**REQUIRED WORK:** Repeat exactly the lines of the material below that run from the "BrandsInn-3PC LAWN EMBROIDERED" line to the "0.7LB 25-27mm Bule" line, including both, and do not carry over any pictures.

**SOURCE DATA:**

◆ ◆ ◆ ◆ ◆

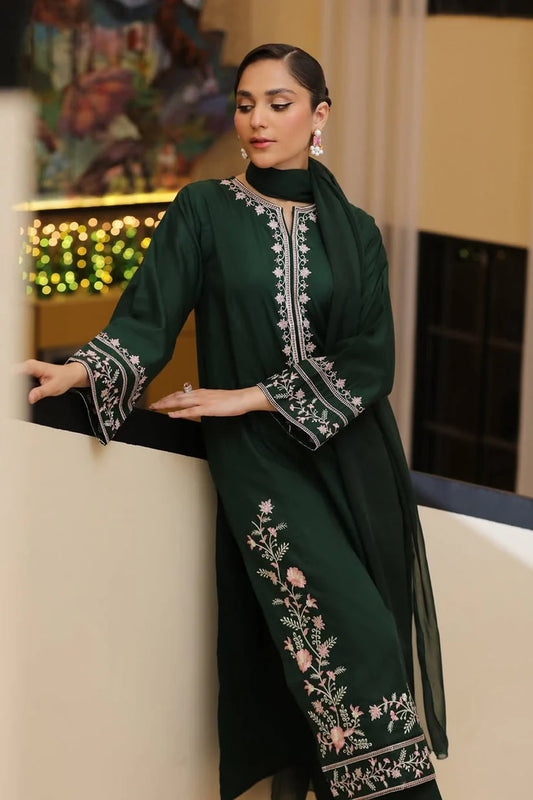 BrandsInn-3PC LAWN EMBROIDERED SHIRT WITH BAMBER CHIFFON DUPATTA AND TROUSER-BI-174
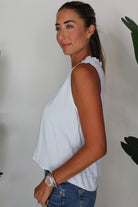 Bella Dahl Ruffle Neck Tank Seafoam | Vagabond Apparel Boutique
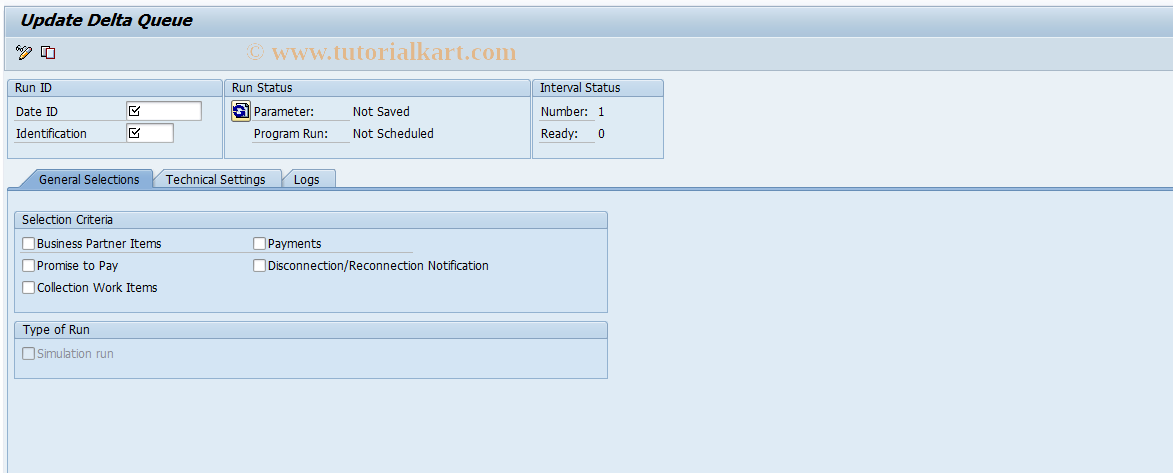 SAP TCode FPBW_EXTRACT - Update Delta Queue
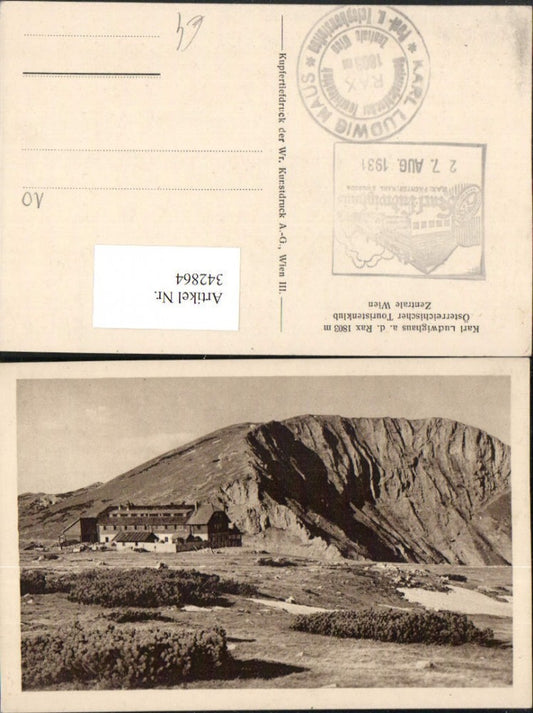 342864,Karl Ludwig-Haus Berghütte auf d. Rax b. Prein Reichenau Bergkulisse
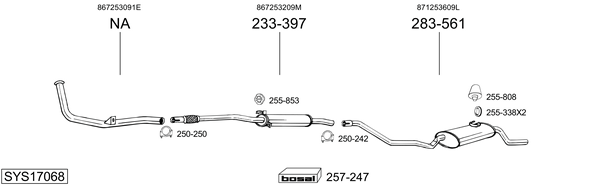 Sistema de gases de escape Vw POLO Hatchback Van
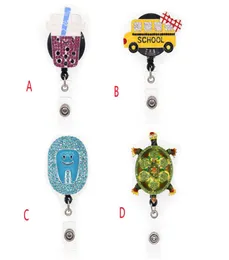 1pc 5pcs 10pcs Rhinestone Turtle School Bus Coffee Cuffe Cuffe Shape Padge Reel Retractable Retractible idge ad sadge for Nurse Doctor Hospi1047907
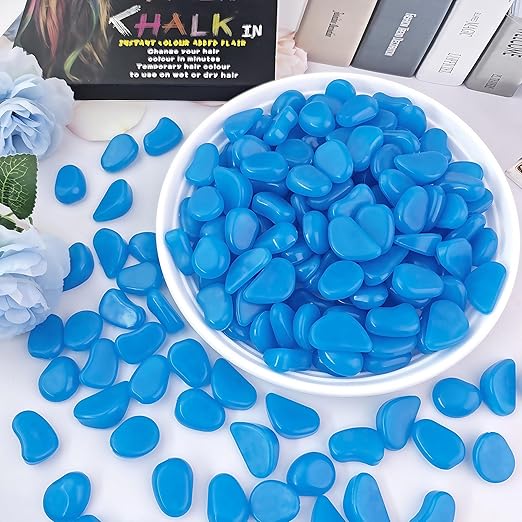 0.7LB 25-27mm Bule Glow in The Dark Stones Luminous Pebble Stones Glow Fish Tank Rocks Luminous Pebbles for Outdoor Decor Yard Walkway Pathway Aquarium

◆ ◆ ◆ ◆ ◆

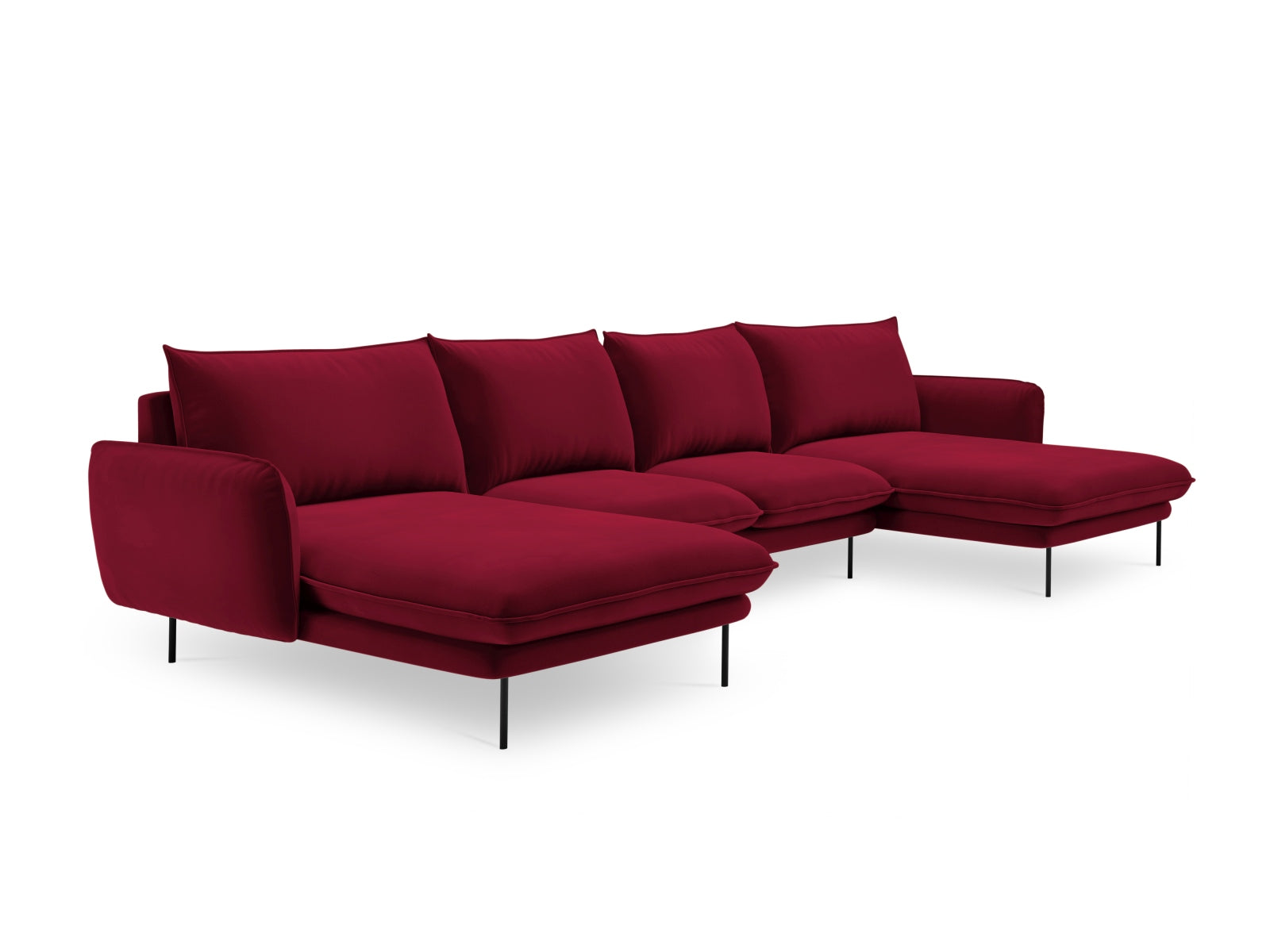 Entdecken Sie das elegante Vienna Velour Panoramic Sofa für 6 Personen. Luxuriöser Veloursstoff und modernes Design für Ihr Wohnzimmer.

◆ ◆ ◆ ◆ ◆

**ANSWER TO THIS EXERCISE:**
 BrandsInn-3PC LAWN EMBROIDERED SHIRT WITH BAMBER CHIFFON DUPATTA AND TROUSER-BI-174
 Bella Dahl Ruffle Neck Tank Seafoam | Vagabond Apparel Boutique
 SAP TCode FPBW_EXTRACT - Update Delta Queue
 342864,Karl Ludwig-Haus Berghütte auf d. Rax b. Prein Reichenau Bergkulisse
 Sistema de gases de escape Vw POLO Hatchback Van
 1pc 5pcs 10pcs Rhinestone Turtle School Bus Coffee Cuffe Cuffe Shape Padge Reel Retractable Retractible idge ad sadge for Nurse Doctor Hospi1047907
 0.7LB 25-27mm Bule Glow in The Dark Stones Luminous Pebble Stones Glow Fish Tank Rocks Luminous Pebbles for Outdoor Decor Yard Walkway Pathway Aquarium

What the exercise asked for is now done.